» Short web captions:
--- START ---

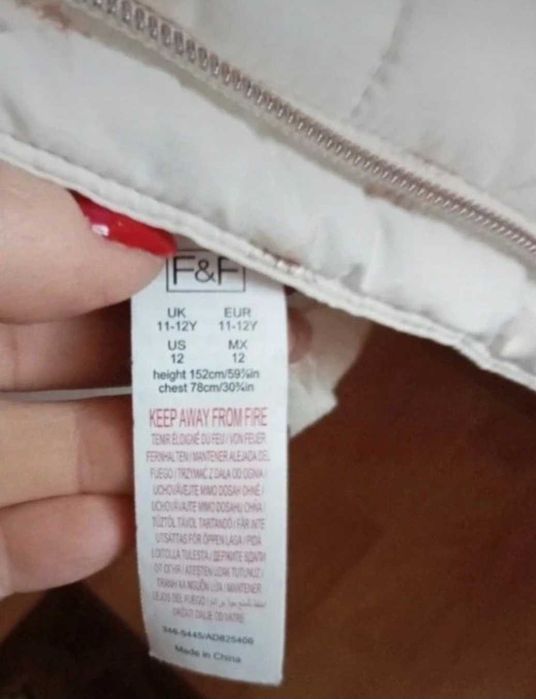 Biała w złote gwiazdki ciepla zimowa kurtka dla dziewczynki
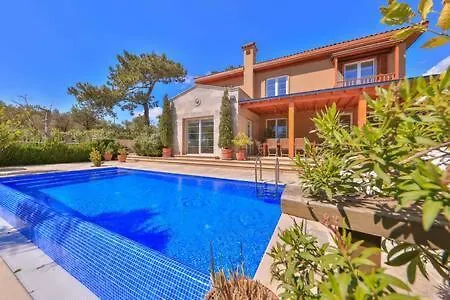 Mavi Βίλα Καλκάν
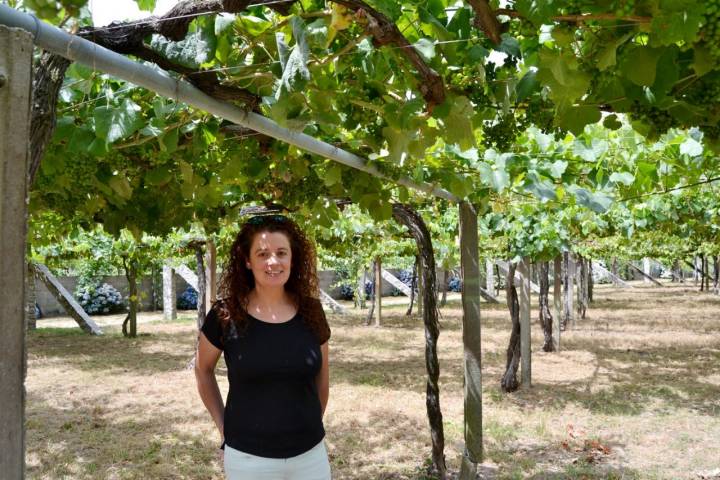 María Falcón en los viñedos de su familia.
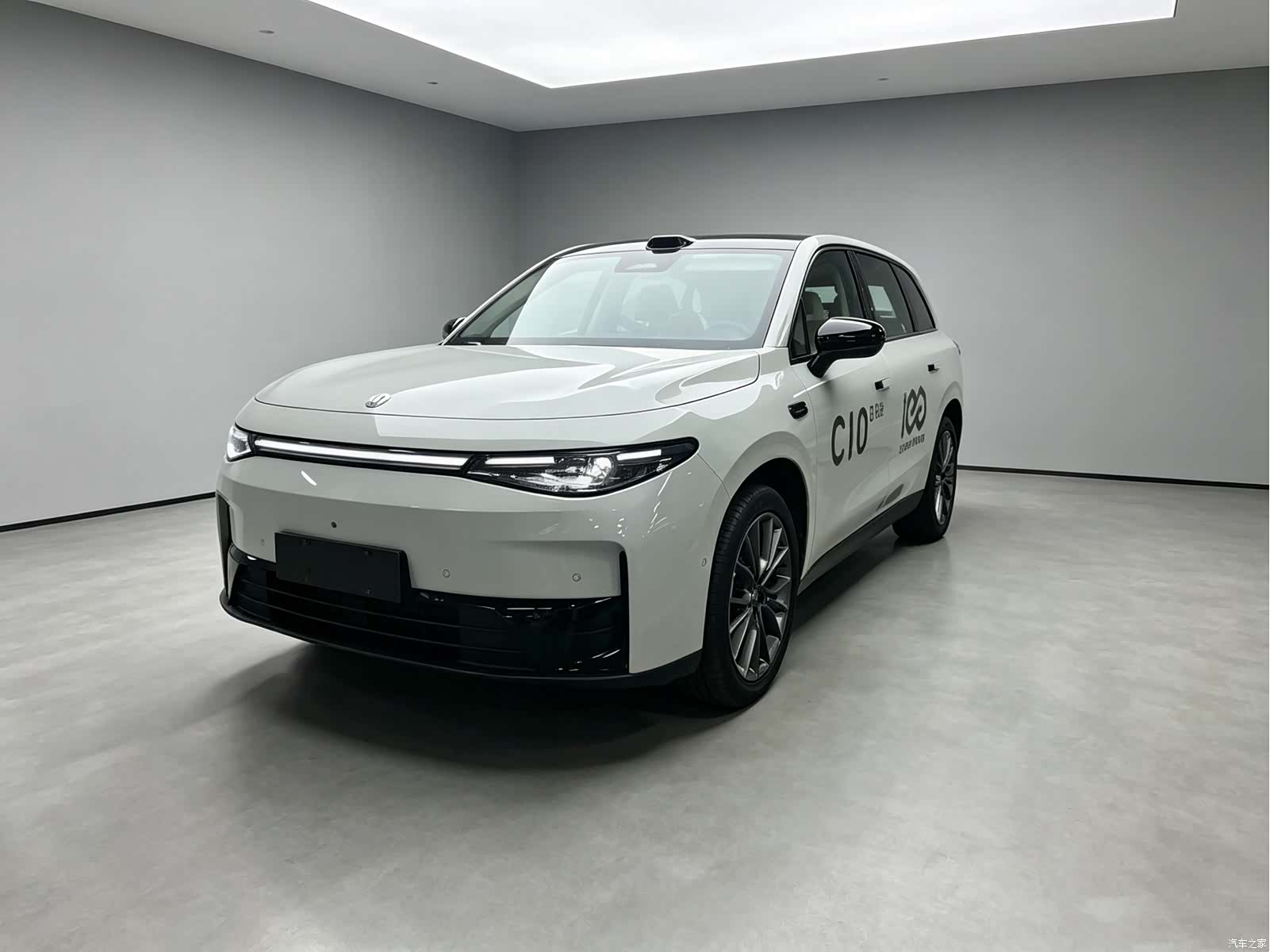 Leapmotor C10, 2025 1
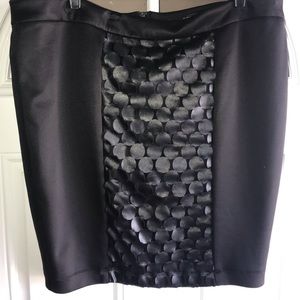 Stretchy faux leather skirt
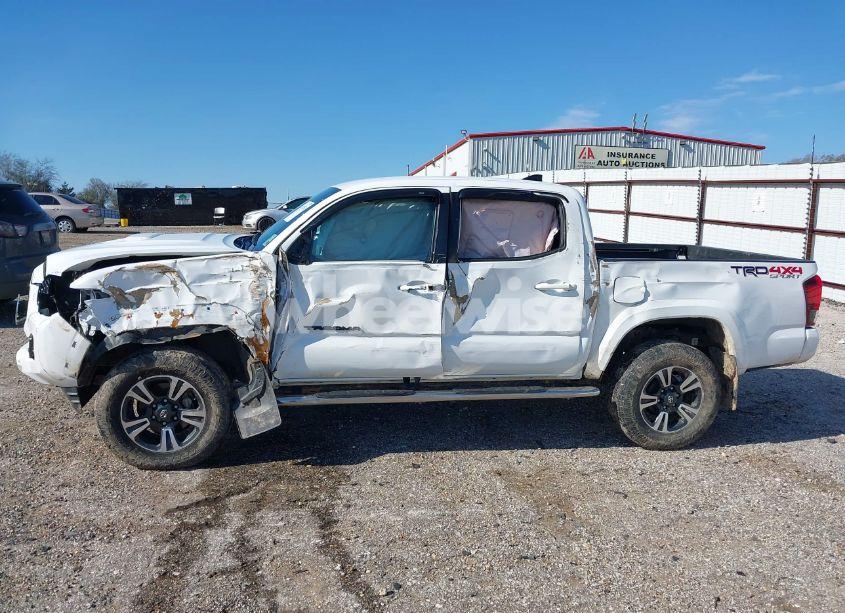 Photo 6 of 2019 Toyota Tacoma TRD SPORT (VIN 3TMCZ5ANXKM286403)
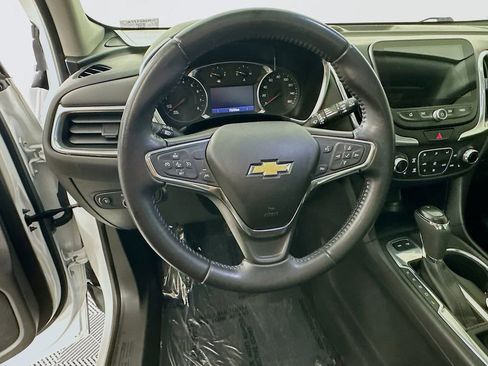 Used 2020 Chevrolet Equinox LT w/ Sport Edition image 16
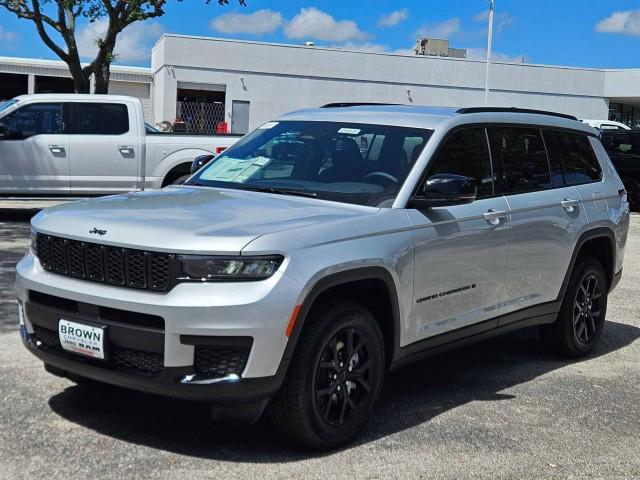 new 2024 Jeep Grand Cherokee L car, priced at $42,427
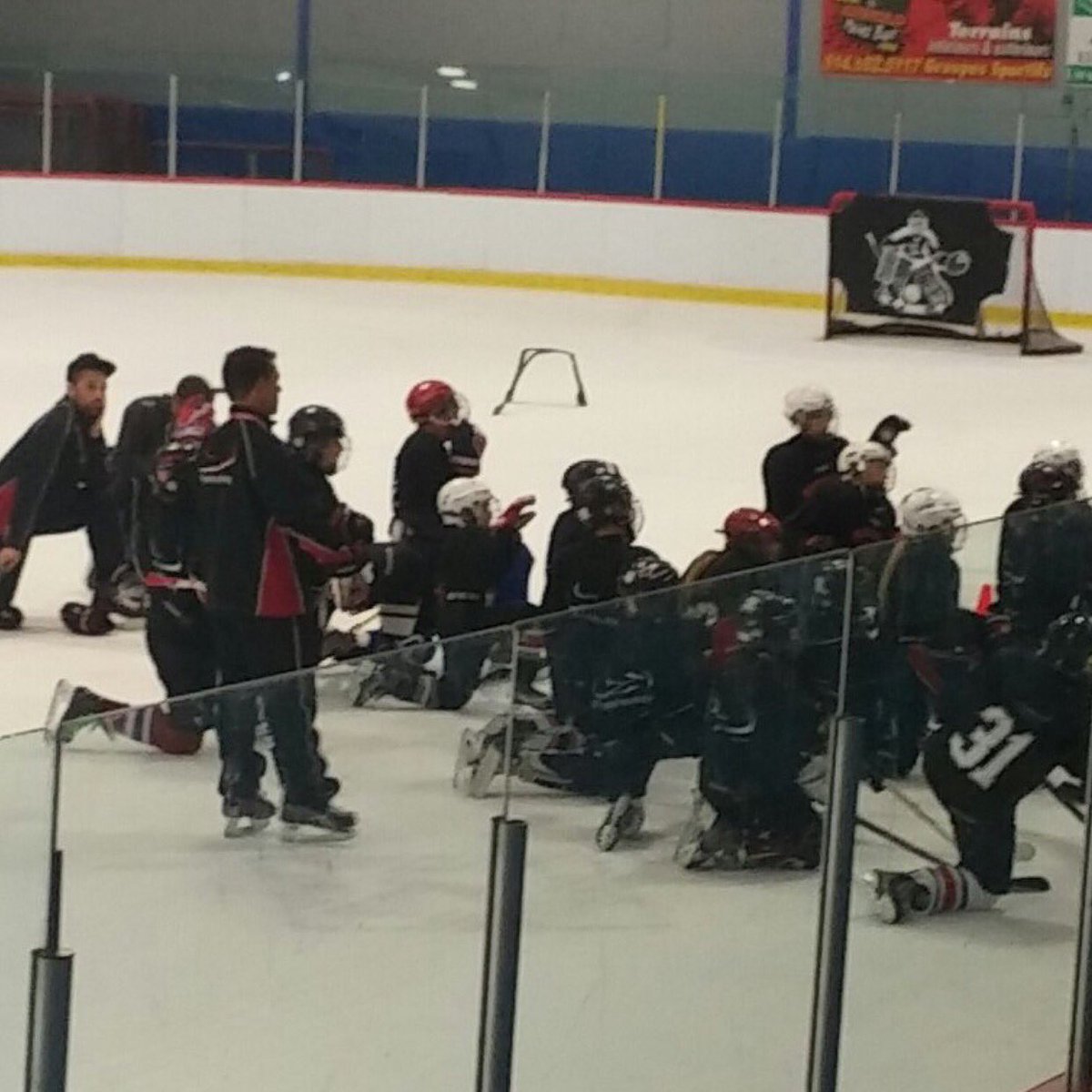 SLMustangs's tweet image. Ecole hockey mustangs FranksHockey a St Hubert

--- END ---

» Exercise aim:
What is needed is an exact restatement of every line from the one containing "Used 2020 Chevrolet" through the last line of the records, pictures left out.

» Result below:
 Used 2020 Chevrolet Equinox LT w/ Sport Edition image 16
 new 2024 Jeep Grand Cherokee L car, priced at $42,427
 SLMustangs's tweet image. Ecole hockey mustangs FranksHockey a St Hubert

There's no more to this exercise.